The widely-lauded "Pure Michigan" campaign was launched in 2005 with the state sinking $13 million to $33 million each year into the big picture ad campaign, which markets the state and its attractions with a heavy dose of nostalgia.
Michigan uses a combination of tobacco settlement-related investment returns, use tax collections and other state funding linked to job creation to pay for the promotions.
In 2011, the state attributed 3.2 million visitor trips and $1 billion in tourism revenue directly to the campaign -- though some there have called for more independent study into the return-on-investment claims. Kasich said he wasn't a fan of the Michigan campaign, which he thinks is a snore.
David Gilbert, president & CEO of Positively Cleveland and the Greater Cleveland Sports Commission said the big thinking behind Michigan's campaign is a great example of what Ohio needs -- though with its own unique message.
Gilbert said he's optimistic that the fund will meet the $10 million mark and that elevation in spending alone will help Ohio compete more equally with its peers, especially in out-of-state marketing.
Marketing to travelers from other states is more expensive but is seen as more lucrative to Ohio in terms of revenue and job creation.
Gilbert crowed that more than $2 billion in tourism-related projects are currently planned or underway in the Cleveland area.
Just a handful of those projects, he said, have created more than 4,500 construction jobs and more than 3,000 permanent positions.
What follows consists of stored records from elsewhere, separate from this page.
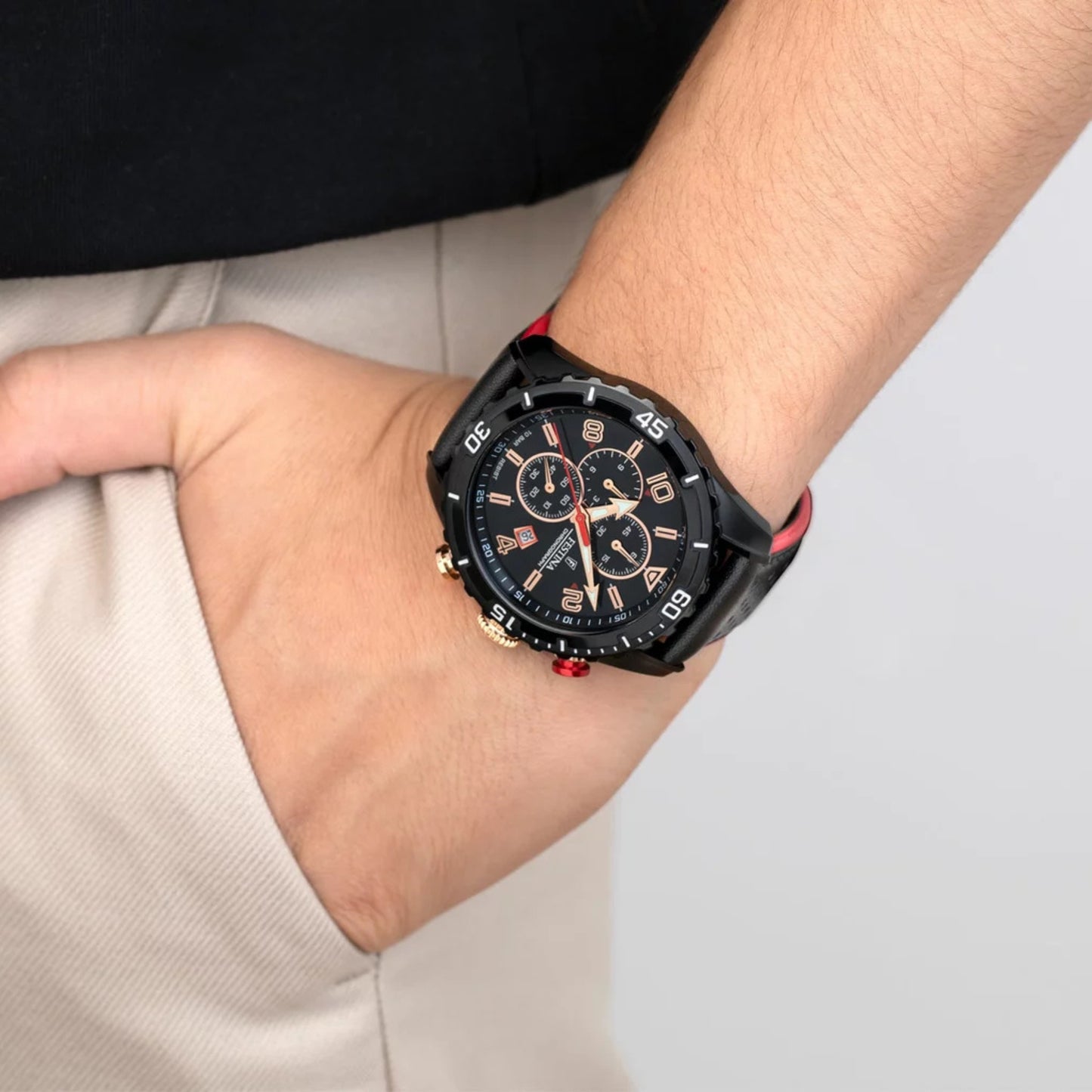 Reloj Festina Hombre F20519/4 Chrono Sport Negro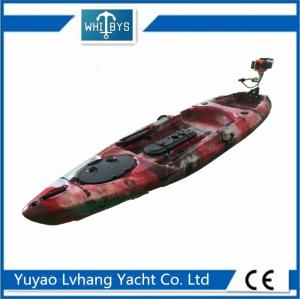 China 3.7m Long Lifespan Motor Driven Kayak Anti - Corrosion Well Performance wholesale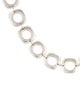 Tiffany & Co. Square Cushion Link Toggle Necklace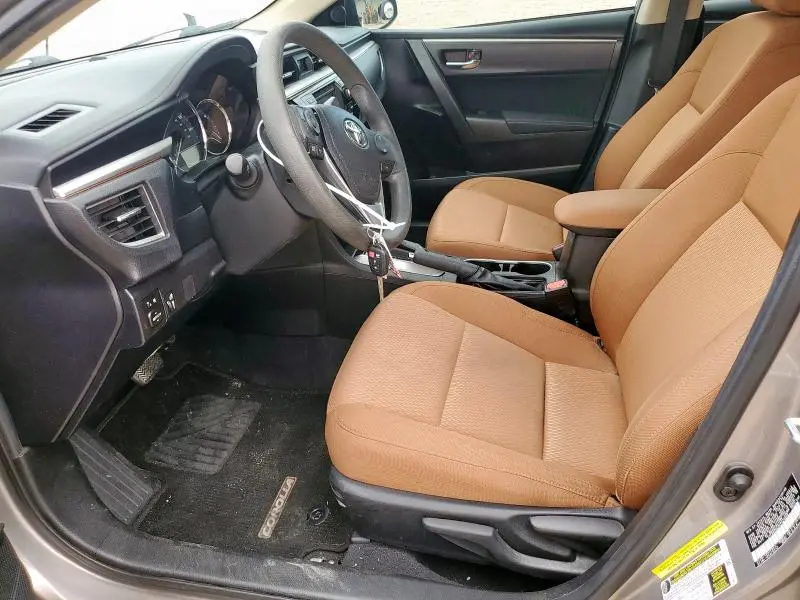 2014 TOYOTA COROLLA L  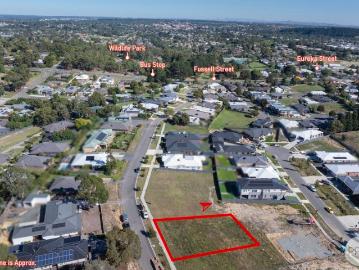 Spacious 700m² Allotment with Wide Frontage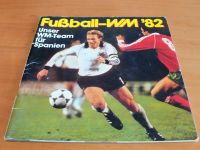 Duplo Hanuta Sammelalbum Fußball Weltmeisterschaft 1982 WM 82 Bayern - Stetten Vorschau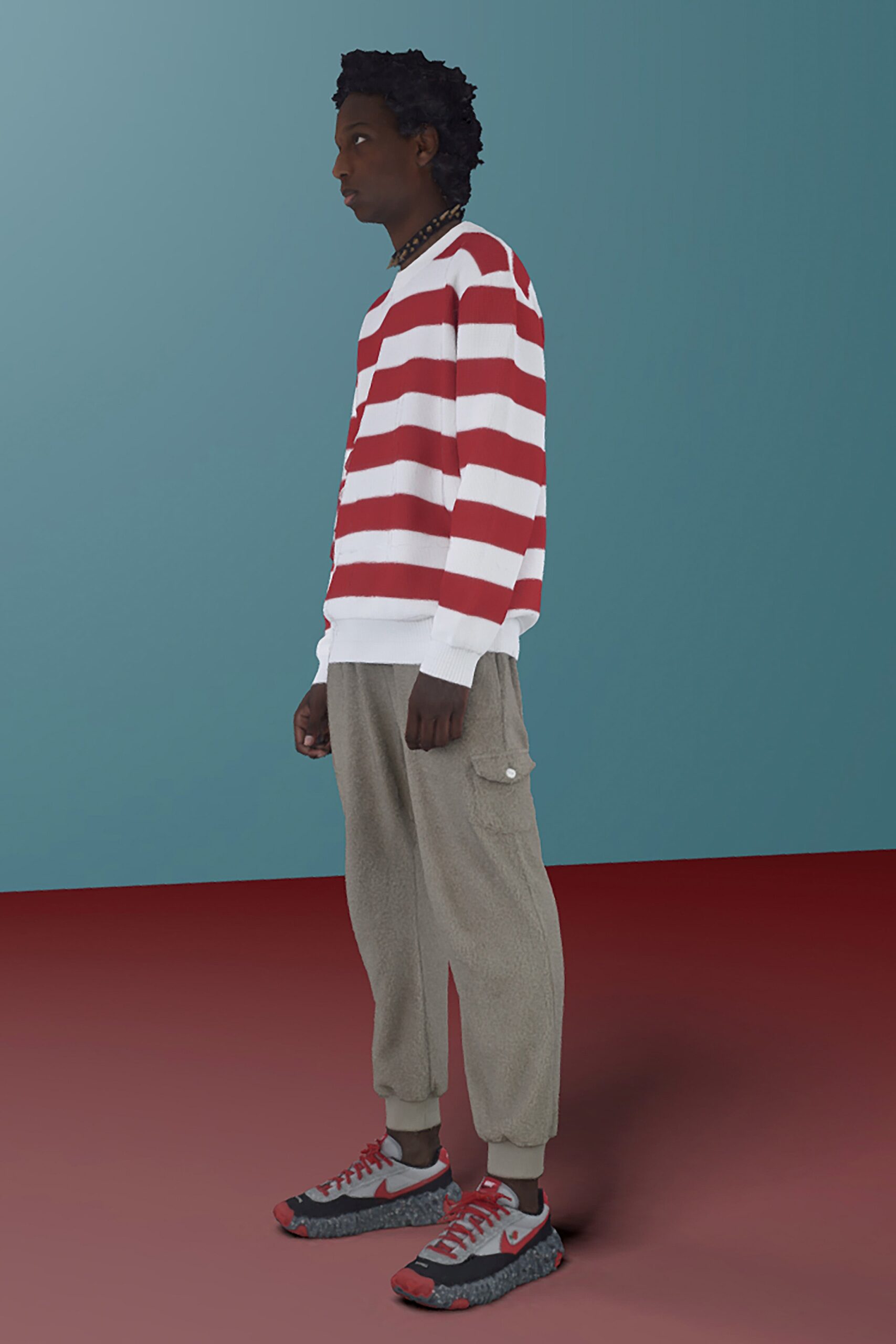 Undercover S/S 21 Menswear Look 32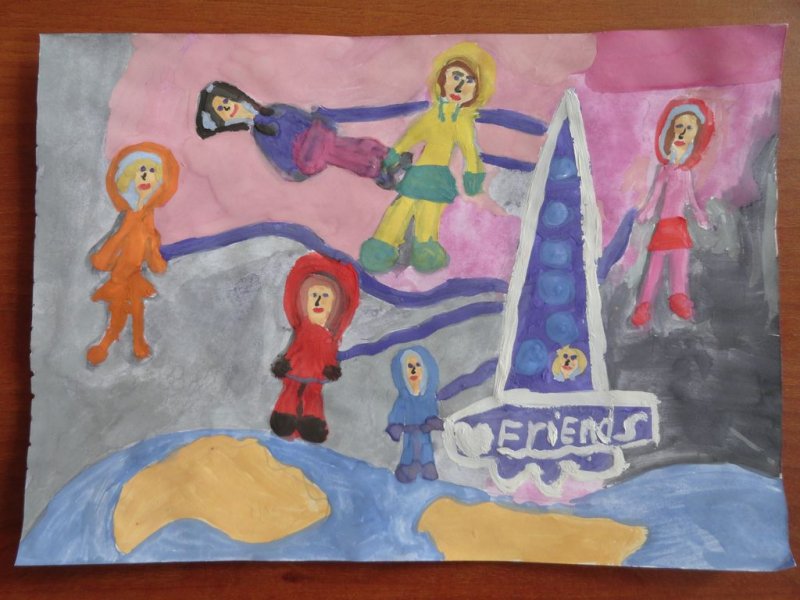 Фото к Во владимирском информационном центре по атомной энергии завершилась космическая декада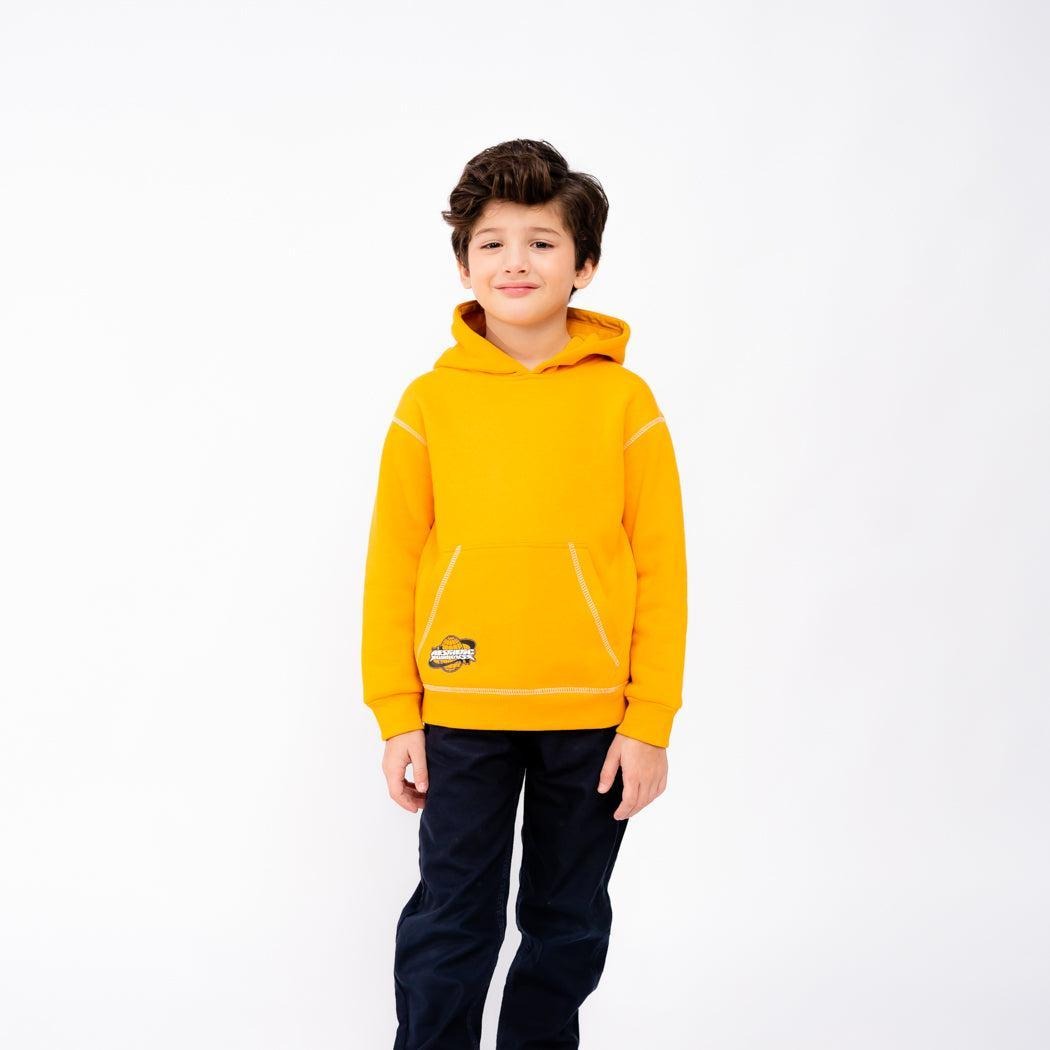 Fleece Plain Sweater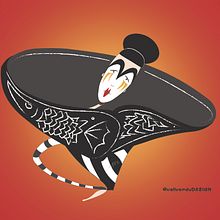 Mi Proyecto del curso: Ilustración de caricaturas vectoriales. Fashion Design project by Mary Vallverdu - 10.16.2019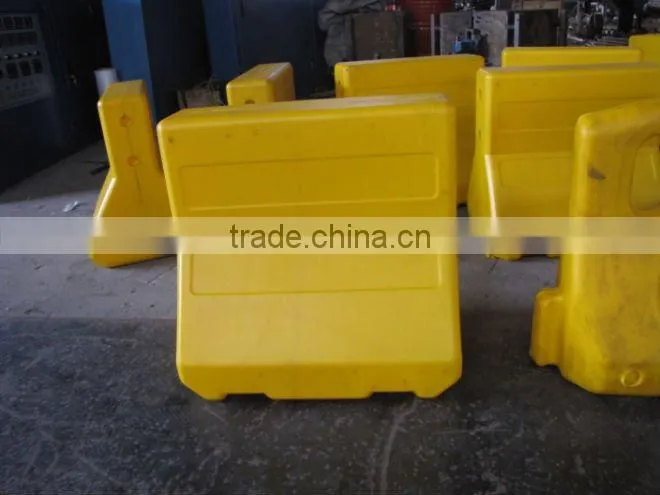 plastic blowing machine traffic products road barrier anti-bump barrel crash cushion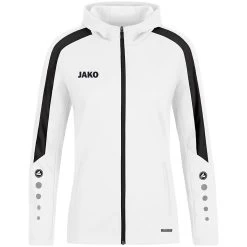 JAKO Kapuzenjacke Power Weiß -Jako JK 6823 000 D 1280x1280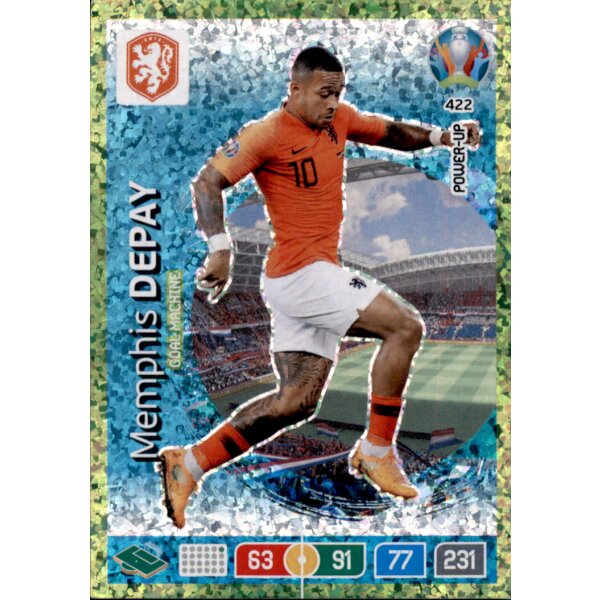 422 - Memphis Depay - Goal Machine - 2020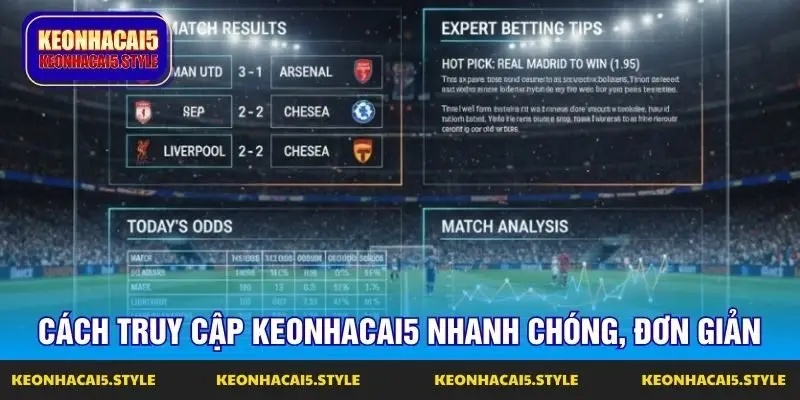 cach truy cap keonhacai5 nhanh chong don gian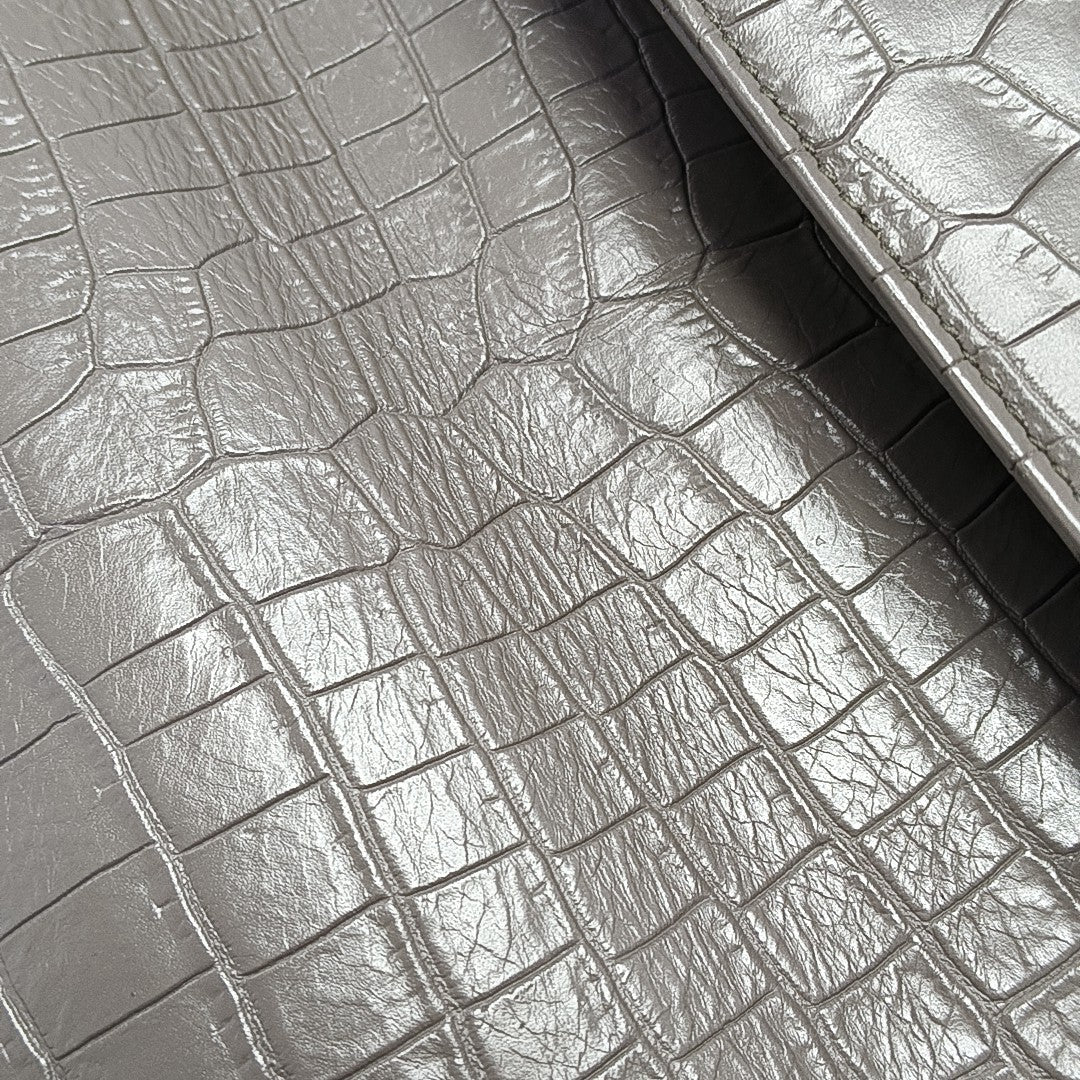 WEST HOLLYWOOD Calfskin Gray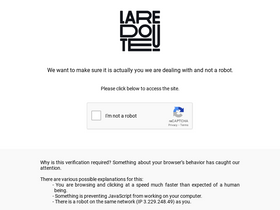 'laredoute.nl' screenshot
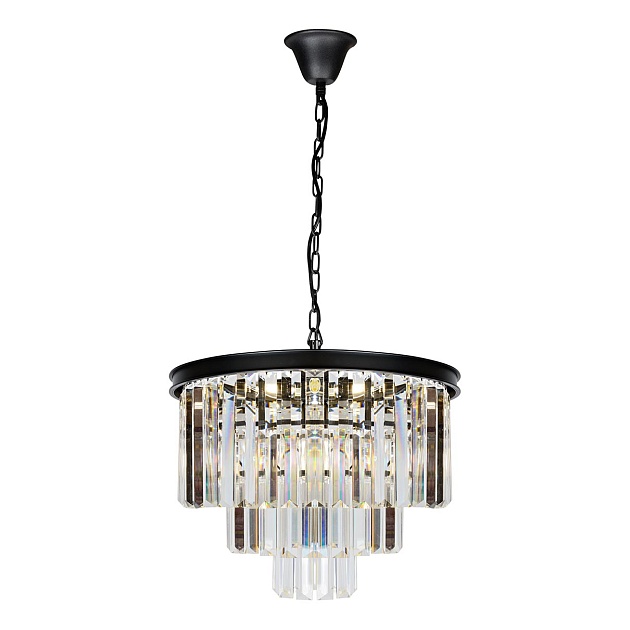 Подвесная люстра iLamp Triumph 6101-500 BK Фото № 1
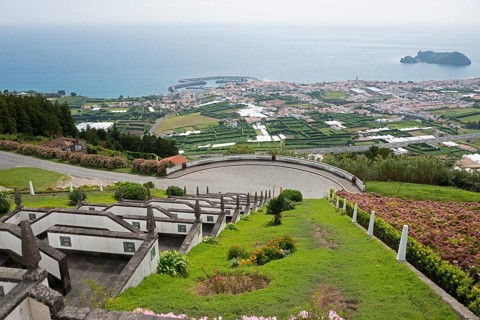 Vila Franca do Campo by Ermida da Nossa Senhora da Paz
State Rep. Mike Dovilla, a Republican from Berea, said the bipartisan legislation dovetails with the aim of JobsOhio, the state's private economic development arm, because of the potential job growth the tourism industry can create.
The state estimates that 439,000 jobs in Ohio currently are related -- directly and indirectly -- to travel and tourism.
For every dollar the state invests in tourism, it already gets a $14 return, said Dovilla, who co-sponsored the bill.
"That's a heck of a return on investment," he said.
Dovilla said the new investment added to what's already happening in Cleveland can only mean one thing.
"We're the comeback city once again," he said.